Thomas Watson RS 91-00 After being diagnosed with Leukaemia in July 2010, Tom sadly passed away on 5th March 2012 at his family home in Colwyn Bay. Head Boy at Rydal Penrhos 1999-2000, Tom went on to enjoy four years at the University of St Andrews, studying Ancient History and Archaeology and then completed a postgraduate diploma in rural environment and land management at Harper Adams Agricultural College in Shropshire in 2006. After finishing his studies, Tom moved to York to work as a rural surveyor for The National Trust, and in 2009 he received his RICS status to become a qualified Chartered Surveyor. A keen sportsman throughout his life, Tom loved his golf, tennis and running in particular. He organised and
participated in many events, including a charity run from South to North Wales along Offa’s Dyke; the West Highland Way Race in Scotland in 2006 and 2007 and numerous marathons, including Paris, Dublin, Amsterdam and London. His last three marathons in London were all completed in under three hours. A brilliant encourager of others, Tom will be greatly missed by many and remembered as a kind and talented person with a wonderful sense of humour, who lived an active and fulfilled life. Anne Watson RS 66-68
Margaret Anne (Hetherington) Fowke PC 37-48 They joined Penrhos together in 1937: Junior’s youngest boarder, Peggy-Anne aged six, and Miss Constance Smith, the youngest headmistress to be appointed to a public school. Peggy-Anne, as she was always known, was born in a men-only club in India, where her father ran a tea plantation. During the War her parents stayed in India, her father joining the Army. No transport was available so Peggy was not to see her parents again until 1945. In spite of this dramatic start to her early life, Peggy rose above it all and become a very popular and hardworking member of school. A very gifted artist; I still have her painting in my autograph book circa 1941 and her sketches of Penrhos and Chatsworth were published in the Old Penrhosian of 1947. She was never a dullard at maths, played for the house (Ashcroft) hockey team and enjoyed singing in the school choir. Peggy was also a talented pianist – even surviving an electric fire thrown at her during a fraught one-to-one piano lesson!

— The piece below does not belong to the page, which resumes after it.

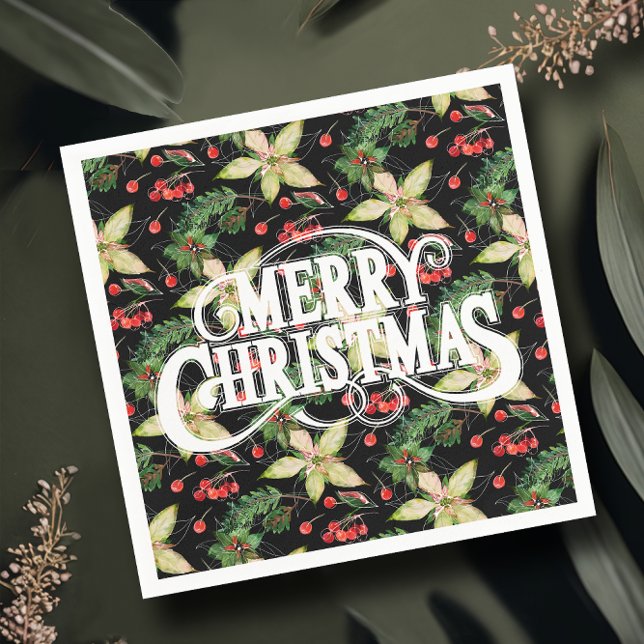 Servilleta De Papel Feliz Navidad Poinsettias (Subido por el creador)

After leaving school in 1948, Peggy helped her parents in their hotel in Runaway Bay, Jamaica where they had moved after the War. In 1983 HMS Sheffield escorted the SS Gothic with the Queen and Prince Philip on board for their visit to the island. A dance was arranged at the local tennis club for the Naval personnel and Peggy met Lieutenant David Fowke. Marriage to a Naval officer involved many house moves and, with two young children to look after whilst David was away at sea, life was not exactly humdrum. However, Peggy still found time to develop her artistic talents. While stationed in Singapore with David, she qualified as a Professor of the Sogetsu school of Ikebana. Later, when the children had left home, she trained and worked as an interior designer. Retiring to Alverstoke near Portsmouth, Peggy and David kept in close touch with many Penrhos friends. We will always treasure seventy years of memories of our happy and constant friendship through good times and bad. Peggy will be so missed by her husband David, children Caroline and Richard and her three grandchildren and many friends.